PROVIDED DATA:
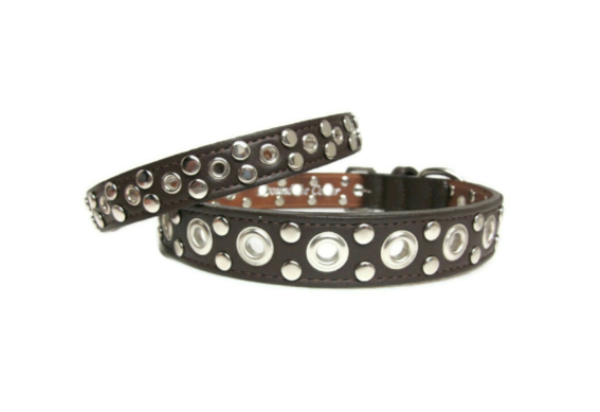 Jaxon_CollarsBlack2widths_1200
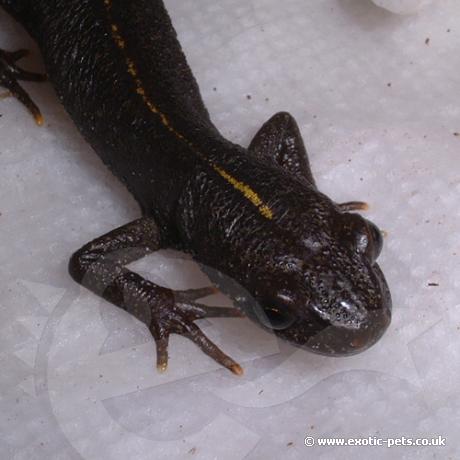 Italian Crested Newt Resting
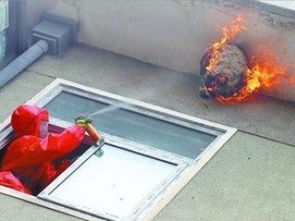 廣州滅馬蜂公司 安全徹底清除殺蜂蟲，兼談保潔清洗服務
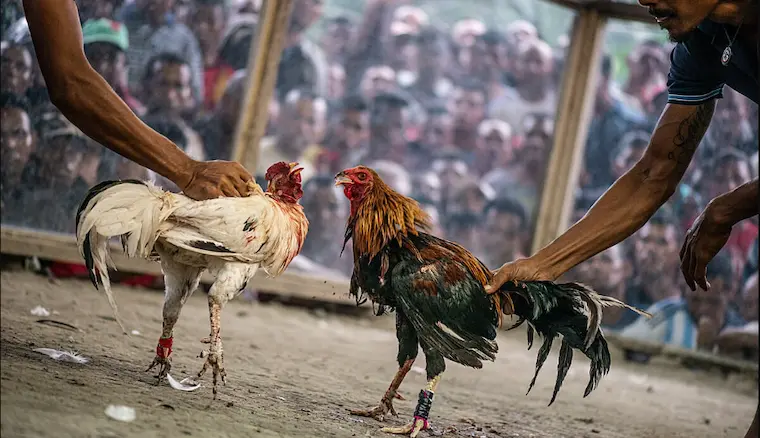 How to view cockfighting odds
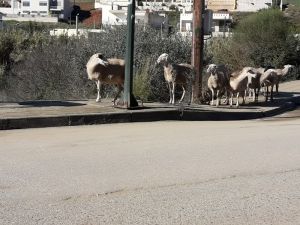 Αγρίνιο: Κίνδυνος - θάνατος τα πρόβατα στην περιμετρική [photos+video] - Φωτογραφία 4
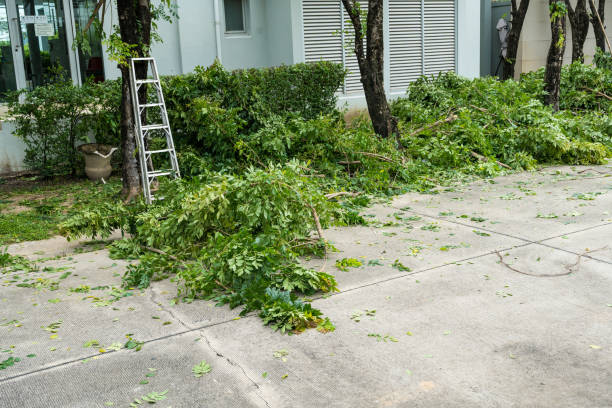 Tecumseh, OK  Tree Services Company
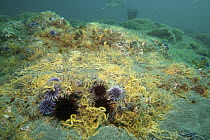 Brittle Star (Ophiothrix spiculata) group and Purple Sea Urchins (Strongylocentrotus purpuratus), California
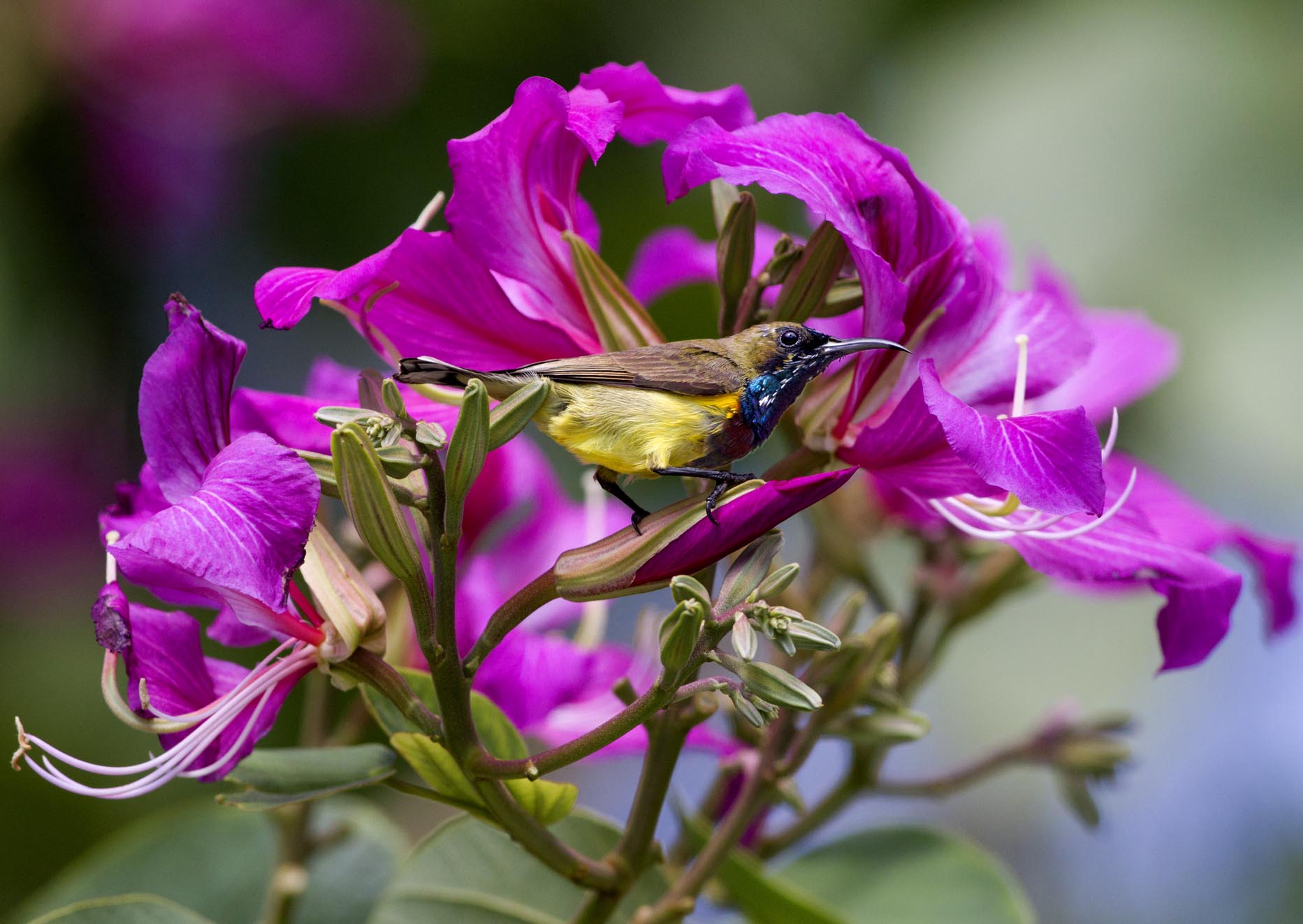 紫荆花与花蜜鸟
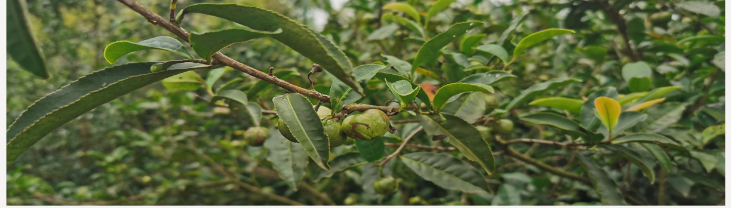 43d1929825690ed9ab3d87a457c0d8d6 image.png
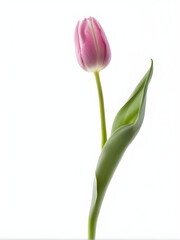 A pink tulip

...

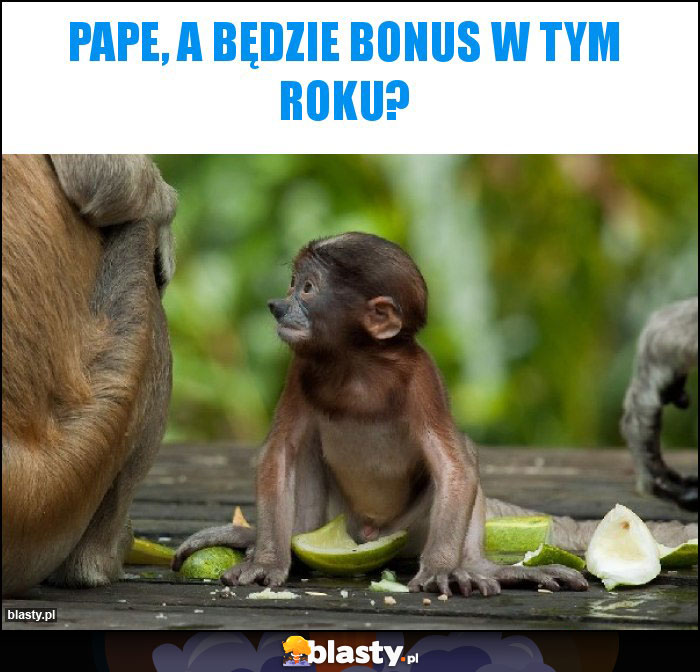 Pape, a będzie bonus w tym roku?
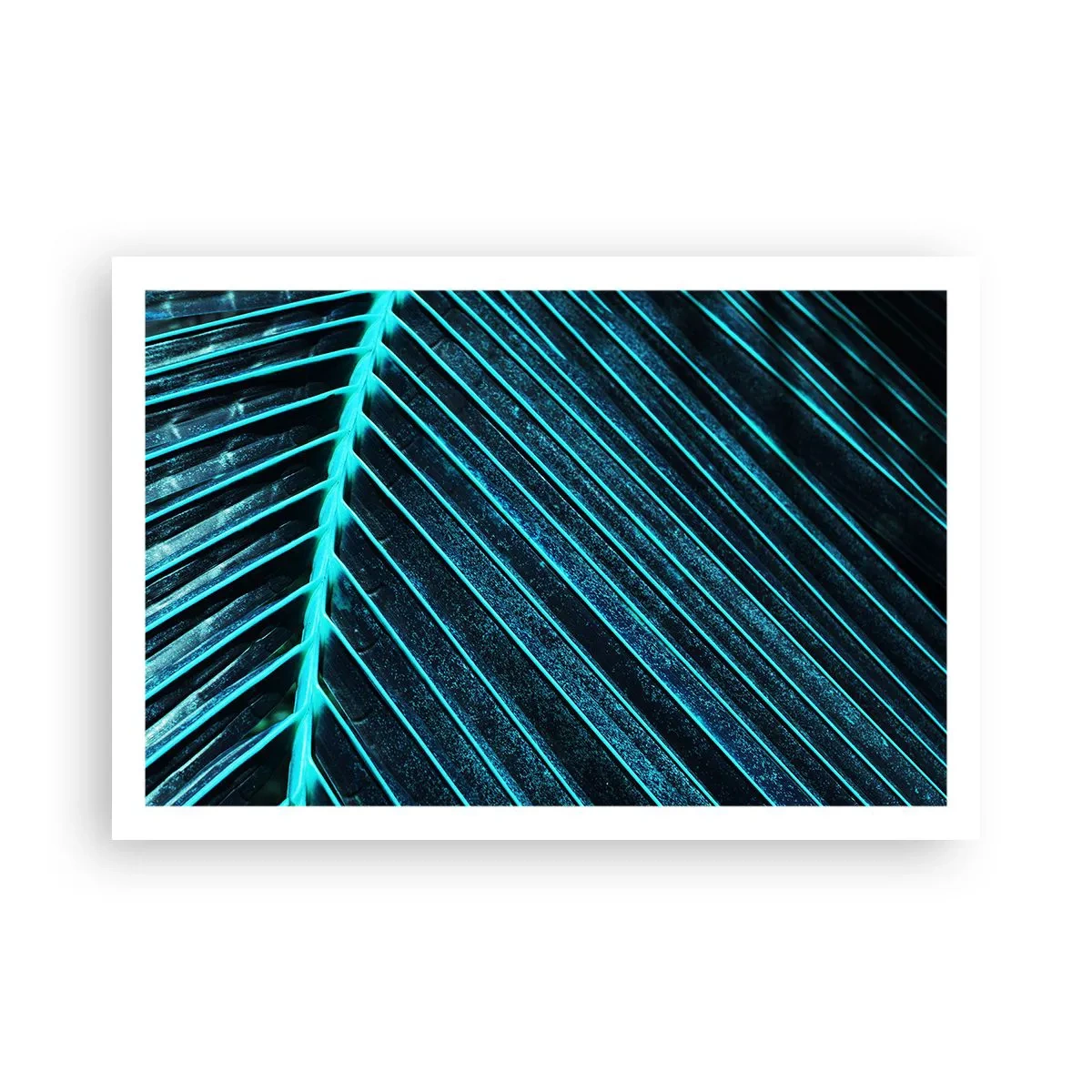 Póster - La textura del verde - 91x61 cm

BRIEF: From the records above, copy only the lines running from the line containing "Brittle Star (Ophiothrix" to the line containing "A pink tulip", both ends included. Leave the pictures out.

REPLY:
 Brittle Star (Ophiothrix spiculata) group and Purple Sea Urchins (Strongylocentrotus purpuratus), California
 紫荆花与花蜜鸟
 43d1929825690ed9ab3d87a457c0d8d6 image.png
 A pink tulip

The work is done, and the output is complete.